El relato tradicional del sector se ha basado en defender el carácter estratégico de la producción de alimentos y la aproximación a la suficiencia alimentaria como objetivo de país. Ahora bien, en el marco comunitario, ese fue el objetivo históricos de la PAC, la autosuficiencia alimentaria de la Europa de postguerra. Se creó en 1962 para que las personas pudieran disponer de alimento a precios razonables y para que los agricultores pudieran ganarse la vida de forma justa.
Ese objetivo se financió con el 50% del presupuesto comunitario hasta que las nuevas realidades mostraron la necesidad de reducirlo y diversificarlo para afrontar realidades derivadas de la actividad agraria y su evolución previsible. Nuestra actividad exportadora —es decir, la superación del objetivo de autosuficiencia alimentaria— es anterior a la entrada de España en la Comunidad Europea y sed mantuvo a pesar de la hostilidad que mostraron los agricultores franceses. Ya en esa época La Trinca popularizó “La guerra de l’enciam”[1] con música militar y en medio de un regocijo general:
Portem l'enciam a Amsterdam, portem el raïm a Berlín, portem pomes a Liverpool, portem albercocs a Estambul, i quan arribem a Estocolm per acabar-ho d'arrodonir descarregarem els pebrots i ens en tornarem cap aquí.

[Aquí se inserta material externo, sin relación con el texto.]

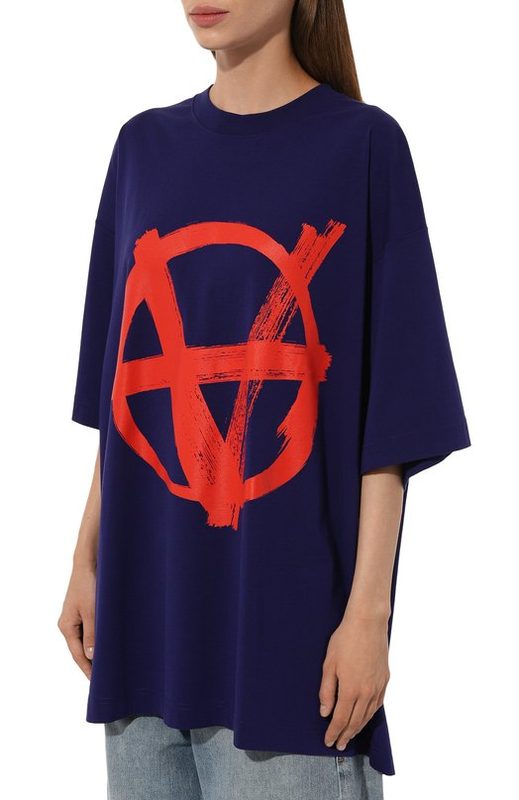 Хлопковая футболка VETEMENTS 3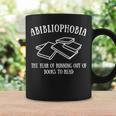 Reader Bibliophobia The Fear Of Running Out Of Books To Read Graphic Print Coffee Mug Gifts ideas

Hoy, la PAC cuenta con un tercio del presupuesto comunitario que se orienta a los 10 objetivos siguientes:
- Garantizar unos ingresos justos a los agricultores.
- Augmentar la competitividad.
- Mejorar la posición de los agricultores en la cadena alimentaria.
- Acción para el cambio climático.
- Preservación del medio ambiente.
- Preservar los paisajes y la biodiversidad.
- Dar soporte a la renovación generacional.
- Zonas rurales vibrantes.
- Proteger la calidad de los alimentos y la salud.
- Fomento del conocimiento y la innovación.
En ese contexto, y ante la evidencia de que el agua es un recurso escaso, correspondería el análisis económico de ese factor productivo, pues hay evidencias de que, más allá del relato histórico de la suficiencia alimentaria, nuestra producción agraria está intensamente internacionalizada y su pervivencia no puede fundamentarse en la ausencia de consideraciones económicas sobre el factor productivo agua. El agua es un activo público que debe administrarse con unidad de criterio, ya sea en las asignaciones, en el coste y su traslado a los usuarios, o bien en la repercusión ambiental de su uso.
Así pues, la mirada sobre los usos del agua en la agricultura no puede depender exclusivamente de la práctica y los intereses del sector, sino que debe enmarcarse en el contexto de la política agraria y la política hidráulica general. En el bien entendido de que no se trata de limitar la producción de alimentos ni su relación con el mercado, sino de asegurar que esa producción está soportada por una retaguardia eficiente en el uso de los recursos públicos que se le asignan y de una responsabilidad del sector en cuanto a su uso y las consecuencias que de él se derivan.
[1] La guerra de la lechuga. Llevamos lechugas a Amsterdam, uvas, a Berlín, manzanas a Liverpool, albaricoques a Estambul y, cuando lleguemos a Estocolmo, descargaremos pimientos y regresaremos.